There are around 60,000 people in Ireland who have an intellectual disability, with 200 million globally.
For those people, travelling unassisted can be extremely challenging as there are no appropriate navigation tools.
But engineers studying at Trinity College Dublin began a project as part of their undergraduate studies to develop a platform that could help.
After two years of work and consultation with the community, waytoB is now being piloted among a group of around six people who have an intellectual disability and their carers.
The system enables a carer or partner to pre-programme set routes on a smartphone or desktop app.
This is then used to guide the user to their destination through a smartwatch.
The watch displays simple orientation based instructions developed by the team that tell the user which way to turn and walk.
It also provides vibration feedback to alert the user to look at it and is integrated with public transport information.
All the while, the carer or partner can monitor the user's movements remotely, as well as their heart-rate to see if they are becoming anxious or distressed.
The device also has a panic button that automatically initiates a phone call between the user and the carer when pushed.

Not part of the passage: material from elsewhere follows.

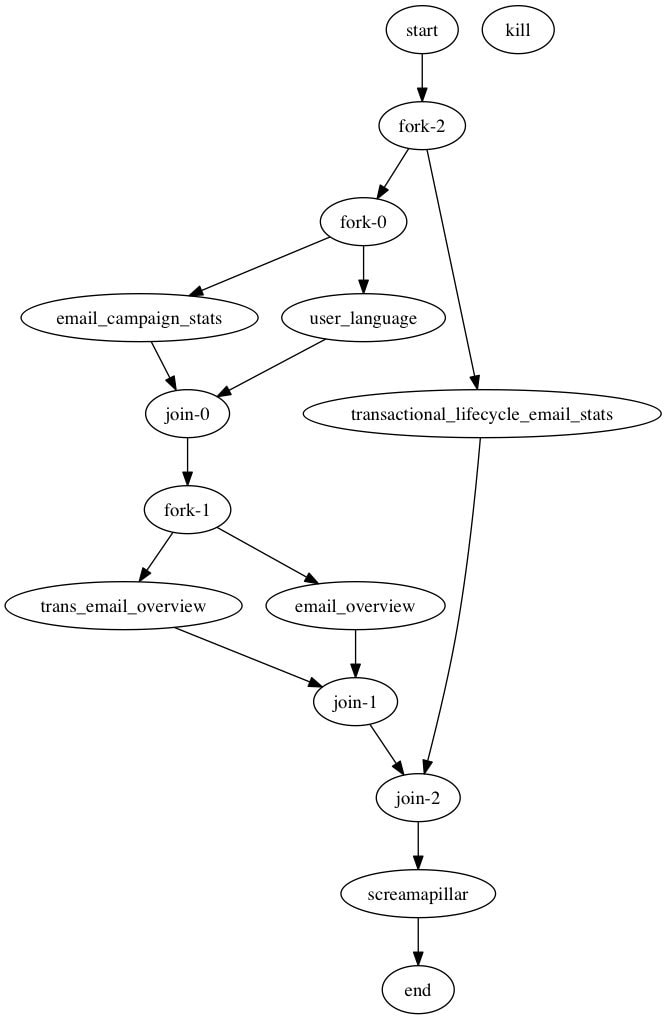 An example workflow graph produced by Arbiter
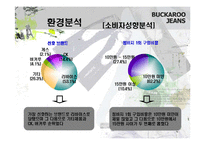 [마케팅] Buckaroo 버커루 진 마케팅전략-10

Those behind the platform, Talita Holzer Saad and Robbie Fryers, have just secured funding from Enterprise Ireland to further develop the system.
"We really believe we have the basis for a very important product that could have a huge impact on many lives," said Robbie Fryers.
"We look forward to bringing our platform to market with the support of Enterprise Ireland."
The pair also won the Irish leg of the 2017 James Dyson Award earlier this year for their work on waytoB.
Among those testing the platform is Patrick O'Shea from Malahide who has Down Syndrome.
He told RTÉ News that he loves it because it tells him where to go.
His father, Pat, says Patrick would not be able to navigate certain routes without it.
"Patrick is very comfortable using the app," said Pat.
"He's always asking me to use it so he can be more independent and go to town on his own.
"He really likes to go out by himself, go to the pictures and have his lunch without assistance, and this is vitally important.
"The beauty of it is also that I can track him to make sure he's okay and we can contact each other quickly."
It is hoped the system will be available on the market in 2019.